Adolescent mental health reflects the interplay of risk and protective factors, yet the structural organization linking these components remains insufficiently understood.

Objective

This study used network analysis to map the structural organization of risk and protective factors and to test whether self-disgust occupies a bridging position between these subsystems.

Methods

A total of 1,245 Chinese adolescents (ages 12–18) completed self-report measures of neuroticism, self-esteem, self-concept clarity, core self-evaluation, self-disgust, cognitive reappraisal, anxiety, and depression.
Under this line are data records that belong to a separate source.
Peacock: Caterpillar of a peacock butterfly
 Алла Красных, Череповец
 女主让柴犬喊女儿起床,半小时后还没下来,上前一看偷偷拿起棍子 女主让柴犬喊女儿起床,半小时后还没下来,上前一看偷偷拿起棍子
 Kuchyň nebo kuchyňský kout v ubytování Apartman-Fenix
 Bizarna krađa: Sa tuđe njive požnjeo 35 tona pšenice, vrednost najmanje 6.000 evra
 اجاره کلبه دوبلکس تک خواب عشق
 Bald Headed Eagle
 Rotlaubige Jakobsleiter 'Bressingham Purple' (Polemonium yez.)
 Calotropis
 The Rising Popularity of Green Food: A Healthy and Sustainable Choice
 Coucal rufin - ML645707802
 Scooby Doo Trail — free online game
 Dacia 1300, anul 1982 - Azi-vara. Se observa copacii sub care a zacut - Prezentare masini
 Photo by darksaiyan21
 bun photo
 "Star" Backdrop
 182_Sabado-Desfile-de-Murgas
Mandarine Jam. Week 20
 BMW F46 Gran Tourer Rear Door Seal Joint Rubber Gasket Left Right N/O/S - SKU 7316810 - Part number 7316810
A regularized partial correlation network was estimated, followed by strength and bridge centrality analyses and network comparisons across gender and school level (junior vs. senior high).

Results

Neuroticism showed the highest strength centrality. Self-disgust showed the highest bridge centrality and was conditionally associated with nodes from both the risk community (neuroticism, anxiety, depression) and the protective community (self-esteem, core self-evaluation, self-concept clarity). Protective factors formed a tightly interconnected subsystem. Subgroup analyses indicated higher bridge centrality of self-disgust in males and higher strength centrality of cognitive reappraisal in senior high school students.

Conclusions

Self-disgust occupies a central bridging position between dispositional risk and protective self-resources within this cross-sectional adolescent network. These findings highlight self-disgust as a structurally prominent construct for future longitudinal and experimental testing of developmental and causal hypotheses regarding adolescent affective symptoms.